How to complete this task:
With pictures left out, return only the lines from the line containing "Hello everyone, this" through the end of the material below, both included.

Information provided:
--

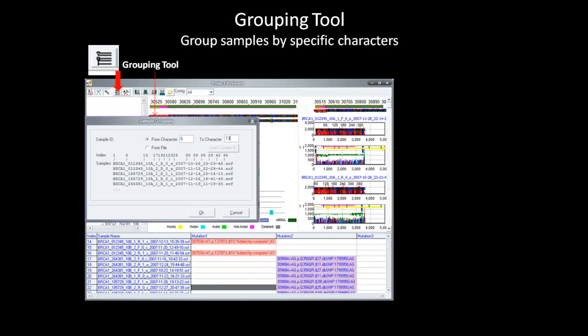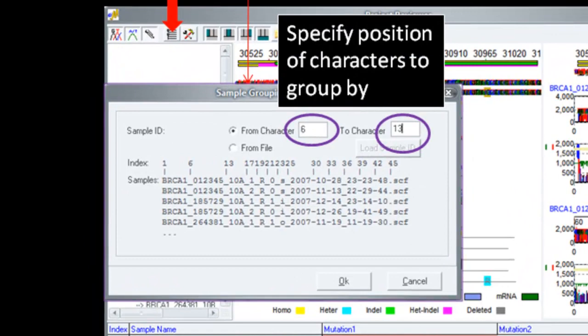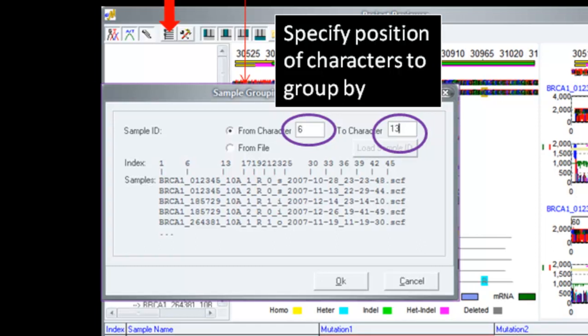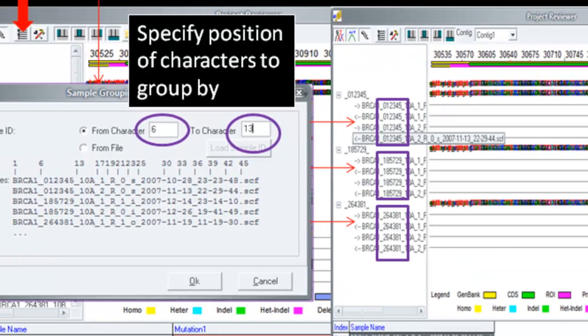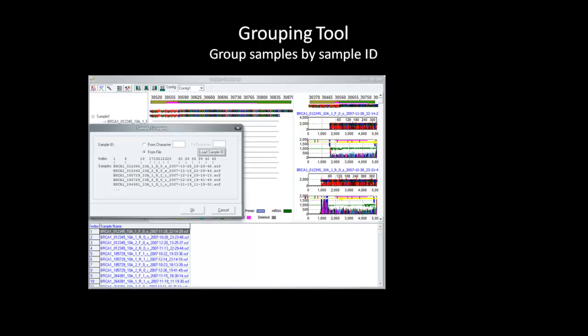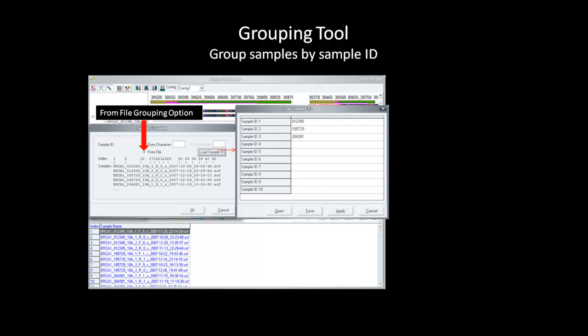We will first discuss the grouping by specific characters. In the dialog box, I told the software to group my samples by looking at characters 6 to 13. As you can see here, my samples are now grouped into three specific patient IDs numbered at characters 6 to 13. The other method to group is by using a From File option and then clicking Load Sample ID. This option is ideal for sample IDs that have varying length and are not fixed at a specific location in all samples.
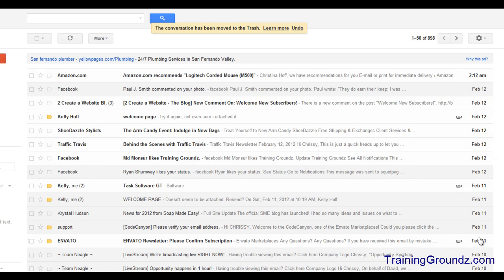Hello everyone, this is Chrissy from traininggrounds.com. In this video I'm going to show you how to set Gmail to access your business email address. Your business email address should be set to anything at yourdomain.com. For example, one of the Training Grounds email addresses is videos@traininggrounds.com, and I would like to be able to easily access this from my Gmail account.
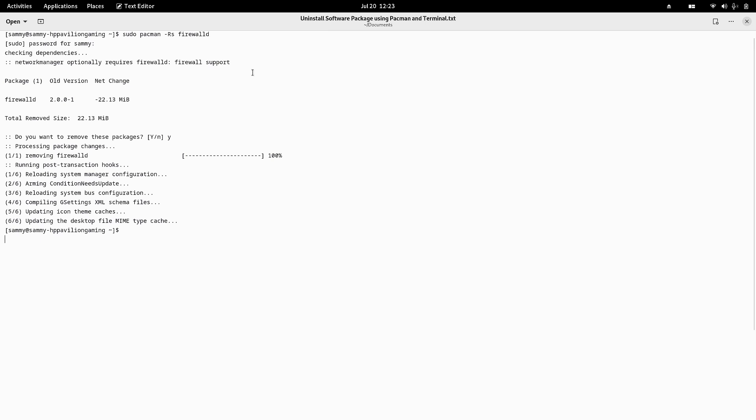We might not uninstall firewalld, but after uninstalling it I installed the graphical firewall, the gufw package. You can do the same. Firewalld is a more advanced firewall than gufw - it has a lot of options, so it's a professional kind of firewall.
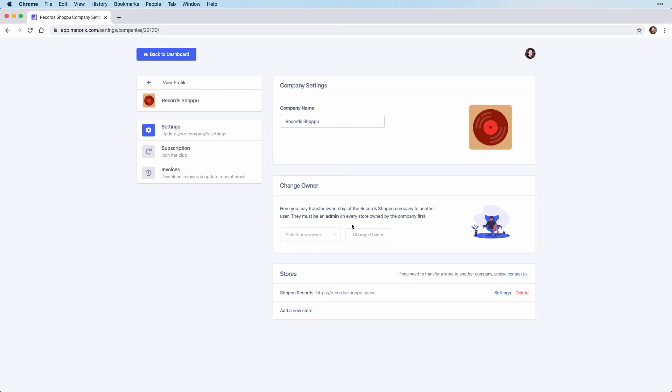Now to change the owner, you simply select the new owner from the dropdown and press change owner.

--

Solution below:
Hello everyone, this is Chrissy from traininggrounds.com. In this video I'm going to show you how to set Gmail to access your business email address. Your business email address should be set to anything at yourdomain.com. For example, one of the Training Grounds email addresses is videos@traininggrounds.com, and I would like to be able to easily access this from my Gmail account.
We might not uninstall firewalld, but after uninstalling it I installed the graphical firewall, the gufw package. You can do the same. Firewalld is a more advanced firewall than gufw - it has a lot of options, so it's a professional kind of firewall.
Now to change the owner, you simply select the new owner from the dropdown and press change owner.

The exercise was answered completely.